YOUR ASSIGNMENT: Exactly as they appear below, repeat the lines from the one with "Press I to enter" through the one with "The Google Pixel 5a has an". Drop every picture.

MATERIAL FOR THE TASK:
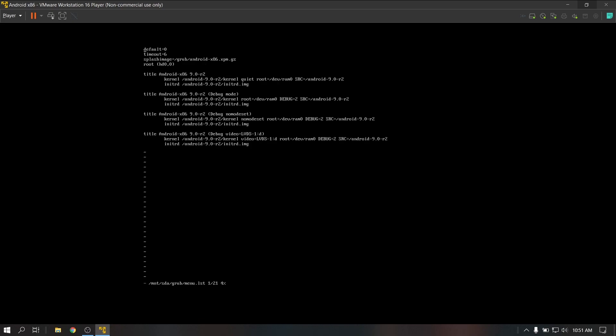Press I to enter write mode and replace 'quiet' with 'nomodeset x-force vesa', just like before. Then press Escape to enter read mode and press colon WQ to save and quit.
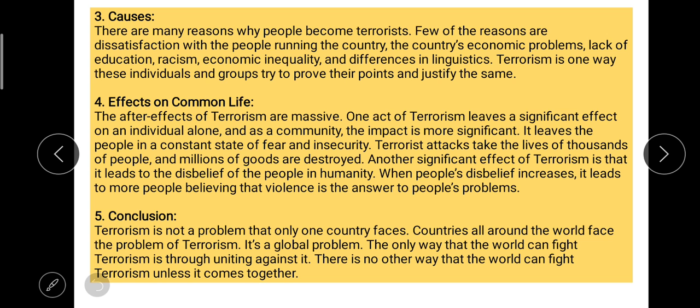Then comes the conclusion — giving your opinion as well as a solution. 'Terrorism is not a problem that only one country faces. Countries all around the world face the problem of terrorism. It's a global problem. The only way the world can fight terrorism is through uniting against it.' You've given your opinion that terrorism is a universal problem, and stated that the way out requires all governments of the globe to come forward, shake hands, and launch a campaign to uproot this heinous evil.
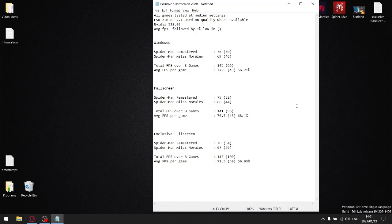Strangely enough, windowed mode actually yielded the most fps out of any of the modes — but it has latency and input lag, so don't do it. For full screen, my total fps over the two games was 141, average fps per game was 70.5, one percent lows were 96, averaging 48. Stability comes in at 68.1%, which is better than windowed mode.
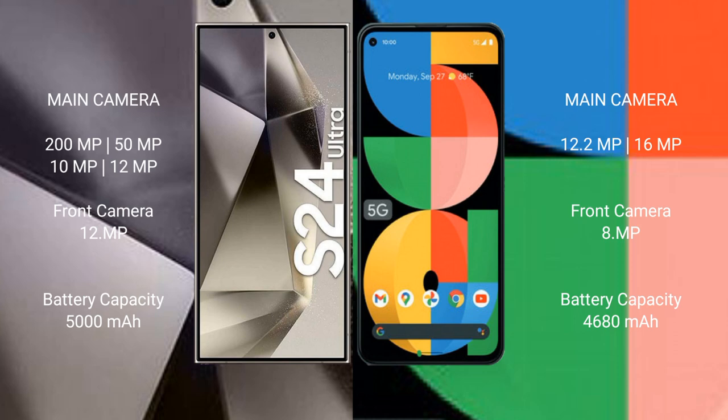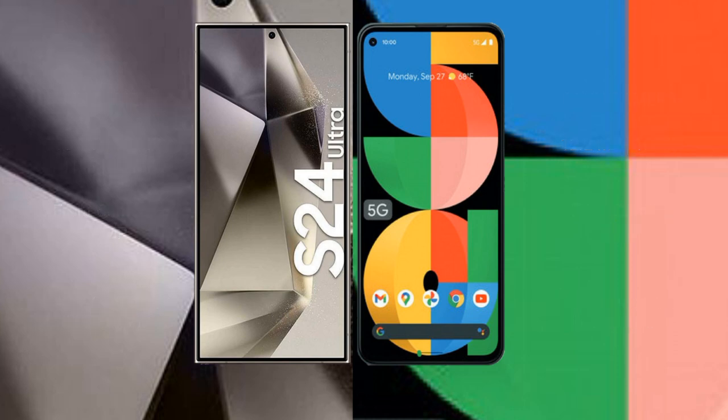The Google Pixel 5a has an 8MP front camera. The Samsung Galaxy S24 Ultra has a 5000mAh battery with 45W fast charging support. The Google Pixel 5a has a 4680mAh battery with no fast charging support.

---

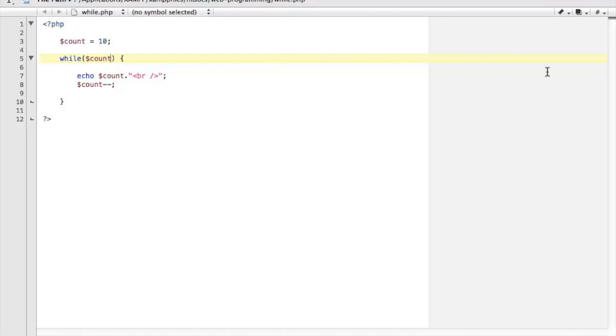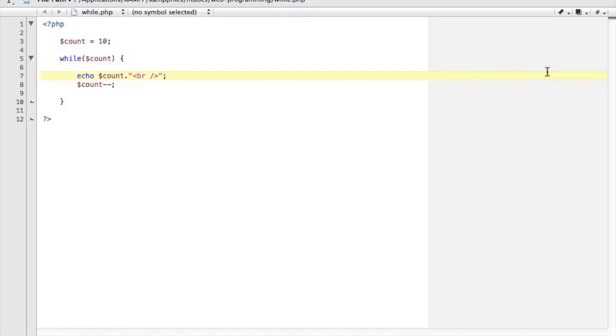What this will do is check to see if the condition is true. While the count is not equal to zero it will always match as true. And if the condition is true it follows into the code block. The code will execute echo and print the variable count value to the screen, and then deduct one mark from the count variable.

ANSWER TO THE EXERCISE:
Press I to enter write mode and replace 'quiet' with 'nomodeset x-force vesa', just like before. Then press Escape to enter read mode and press colon WQ to save and quit.
Then comes the conclusion — giving your opinion as well as a solution. 'Terrorism is not a problem that only one country faces. Countries all around the world face the problem of terrorism. It's a global problem. The only way the world can fight terrorism is through uniting against it.' You've given your opinion that terrorism is a universal problem, and stated that the way out requires all governments of the globe to come forward, shake hands, and launch a campaign to uproot this heinous evil.
Strangely enough, windowed mode actually yielded the most fps out of any of the modes — but it has latency and input lag, so don't do it. For full screen, my total fps over the two games was 141, average fps per game was 70.5, one percent lows were 96, averaging 48. Stability comes in at 68.1%, which is better than windowed mode.
The Google Pixel 5a has an 8MP front camera. The Samsung Galaxy S24 Ultra has a 5000mAh battery with 45W fast charging support. The Google Pixel 5a has a 4680mAh battery with no fast charging support.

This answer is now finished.